[[ RECORDS FOR THIS EXERCISE, beginning ]]

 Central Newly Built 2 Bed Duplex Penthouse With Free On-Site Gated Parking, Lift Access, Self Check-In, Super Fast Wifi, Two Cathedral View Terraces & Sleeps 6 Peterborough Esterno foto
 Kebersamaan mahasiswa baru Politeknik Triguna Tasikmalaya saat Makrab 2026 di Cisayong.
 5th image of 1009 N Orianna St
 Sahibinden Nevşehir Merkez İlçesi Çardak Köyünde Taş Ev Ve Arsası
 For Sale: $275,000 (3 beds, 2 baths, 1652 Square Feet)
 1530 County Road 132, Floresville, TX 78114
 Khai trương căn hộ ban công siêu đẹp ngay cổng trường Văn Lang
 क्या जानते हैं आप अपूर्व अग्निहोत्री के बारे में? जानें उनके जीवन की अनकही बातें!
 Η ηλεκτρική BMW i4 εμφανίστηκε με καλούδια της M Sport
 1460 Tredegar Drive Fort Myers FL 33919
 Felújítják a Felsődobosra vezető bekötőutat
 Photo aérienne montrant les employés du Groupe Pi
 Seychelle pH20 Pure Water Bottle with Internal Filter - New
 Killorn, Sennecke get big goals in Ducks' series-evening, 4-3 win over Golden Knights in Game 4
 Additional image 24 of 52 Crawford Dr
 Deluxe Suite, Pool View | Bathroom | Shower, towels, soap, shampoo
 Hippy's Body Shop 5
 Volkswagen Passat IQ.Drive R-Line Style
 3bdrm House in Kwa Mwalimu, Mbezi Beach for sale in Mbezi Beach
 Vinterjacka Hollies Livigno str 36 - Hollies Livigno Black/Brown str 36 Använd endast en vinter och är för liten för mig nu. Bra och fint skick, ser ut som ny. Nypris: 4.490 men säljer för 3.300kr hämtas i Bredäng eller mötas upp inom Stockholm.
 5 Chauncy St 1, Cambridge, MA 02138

[[ RECORDS FOR THIS EXERCISE, end ]]

**INSTRUCTIONS FOR THE TASK:**
Output the records above exactly, from their first line through the line that contains "Photo aérienne montrant", and add nothing.

**SOLUTION:**
 Central Newly Built 2 Bed Duplex Penthouse With Free On-Site Gated Parking, Lift Access, Self Check-In, Super Fast Wifi, Two Cathedral View Terraces & Sleeps 6 Peterborough Esterno foto
 Kebersamaan mahasiswa baru Politeknik Triguna Tasikmalaya saat Makrab 2026 di Cisayong.
 5th image of 1009 N Orianna St
 Sahibinden Nevşehir Merkez İlçesi Çardak Köyünde Taş Ev Ve Arsası
 For Sale: $275,000 (3 beds, 2 baths, 1652 Square Feet)
 1530 County Road 132, Floresville, TX 78114
 Khai trương căn hộ ban công siêu đẹp ngay cổng trường Văn Lang
 क्या जानते हैं आप अपूर्व अग्निहोत्री के बारे में? जानें उनके जीवन की अनकही बातें!
 Η ηλεκτρική BMW i4 εμφανίστηκε με καλούδια της M Sport
 1460 Tredegar Drive Fort Myers FL 33919
 Felújítják a Felsődobosra vezető bekötőutat
 Photo aérienne montrant les employés du Groupe Pi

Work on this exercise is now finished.